What you should do » Beginning at the line with "Aukcja sprzedaży 2021" in the records below, return each line up to and including the last, exactly as it stands, but not the pictures.

Materials provided »
- - -

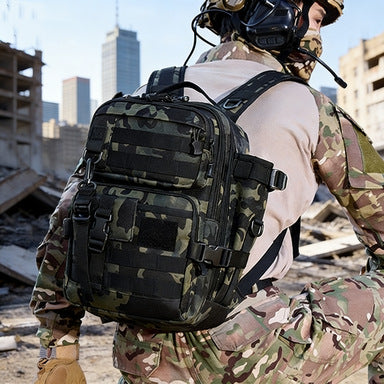 Taktischer Multi-Utility Kampf-Rucksack Karnz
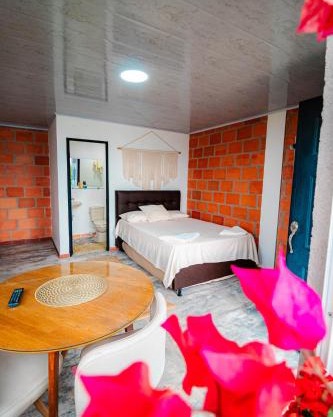 GREEN APARTMENT "el bosque"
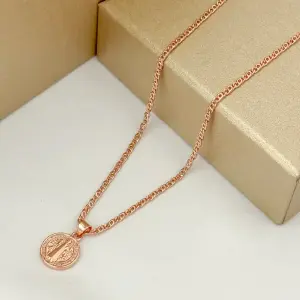 Cadena De Caballero De Tejido Cubana Dob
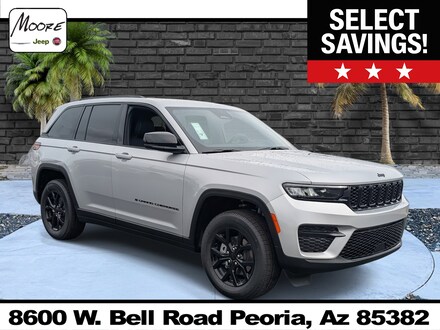 2025 Jeep Grand Cherokee Altitude Sport Utility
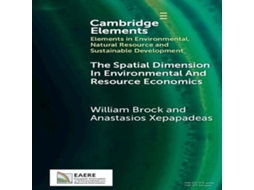 Livro Spatial Dimension In Environmental and Resource Economics de Anastasios Xepapadeas (Inglês)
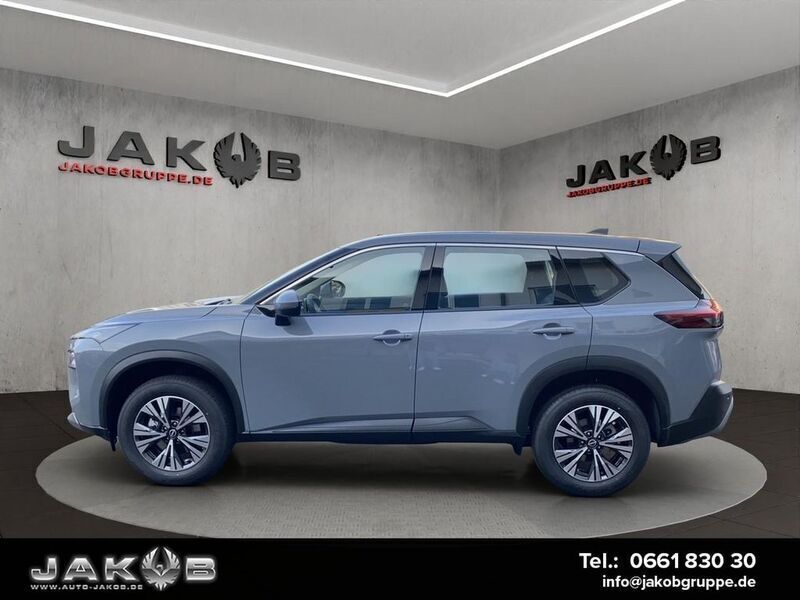 Gebraucht Nissan X-Trail Acenta 163 PS (119 kW) 2024 Ceramic grey SUV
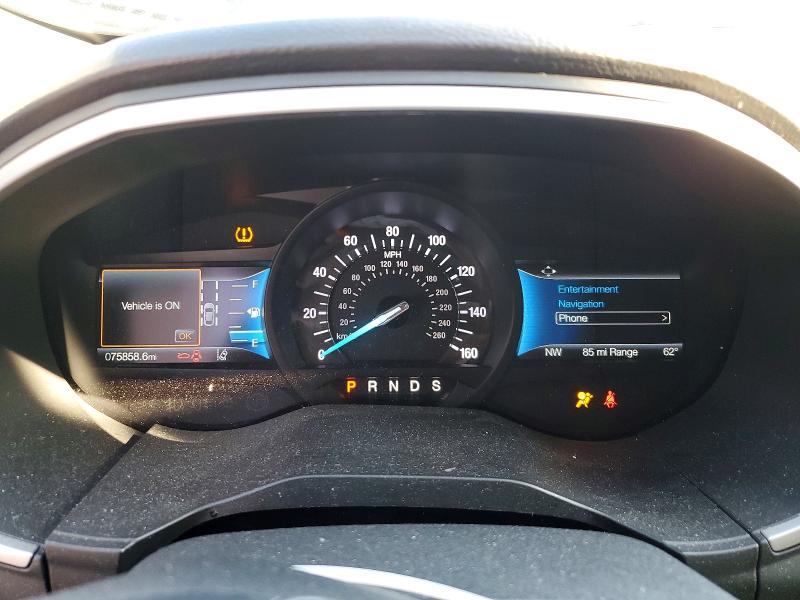 Aukcja sprzedaży 2021 Ford Edge, vin: 2FMPK4J9XMBA05851, numer aukcji: 47352686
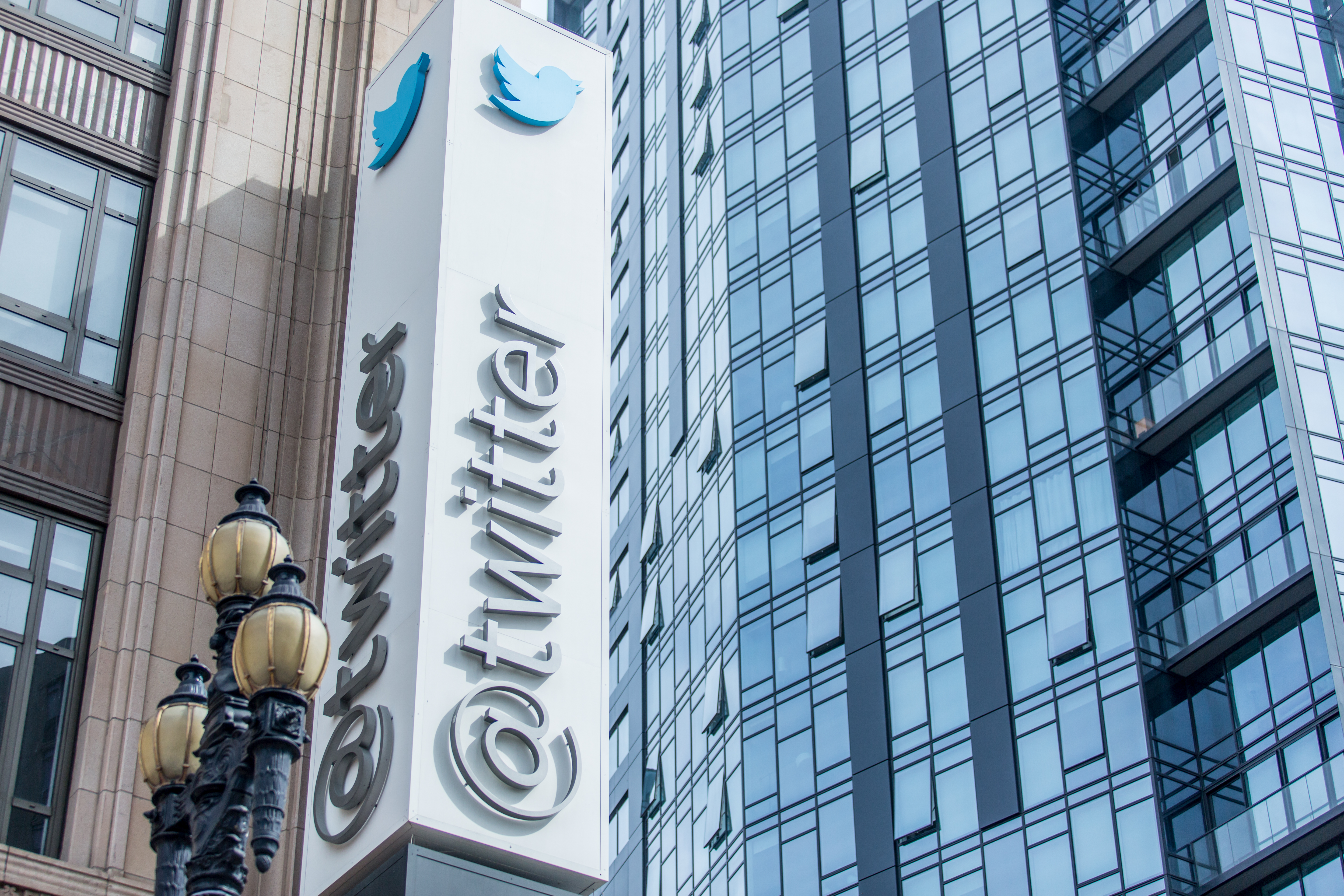 Twitter a supprimé 1 500 comptes à la suite d’une campagne de pêche à la traîne coordonnée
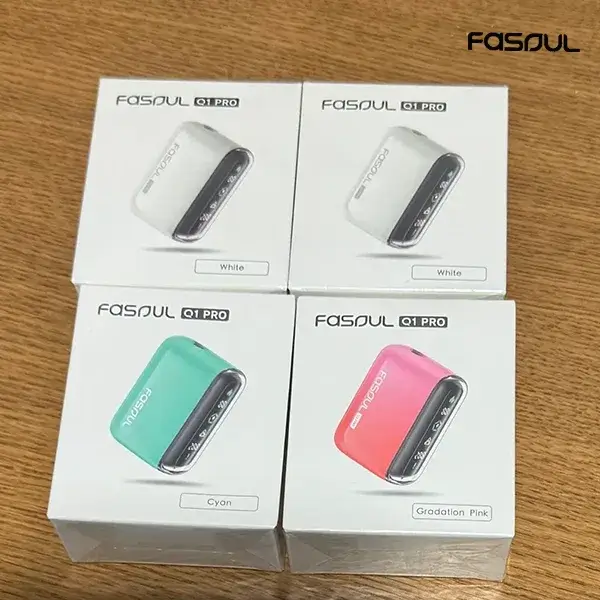 【紅色正品現貨】Fasoul Q1 二回機 IQOS ILUMA加熱煙主機 完美兼容TEREA 煙彈 一根煙抽兩次 省錢又過癮：圖片 5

- - -

Response area »
 Aukcja sprzedaży 2021 Ford Edge, vin: 2FMPK4J9XMBA05851, numer aukcji: 47352686
 Twitter a supprimé 1 500 comptes à la suite d’une campagne de pêche à la traîne coordonnée
 【紅色正品現貨】Fasoul Q1 二回機 IQOS ILUMA加熱煙主機 完美兼容TEREA 煙彈 一根煙抽兩次 省錢又過癮：圖片 5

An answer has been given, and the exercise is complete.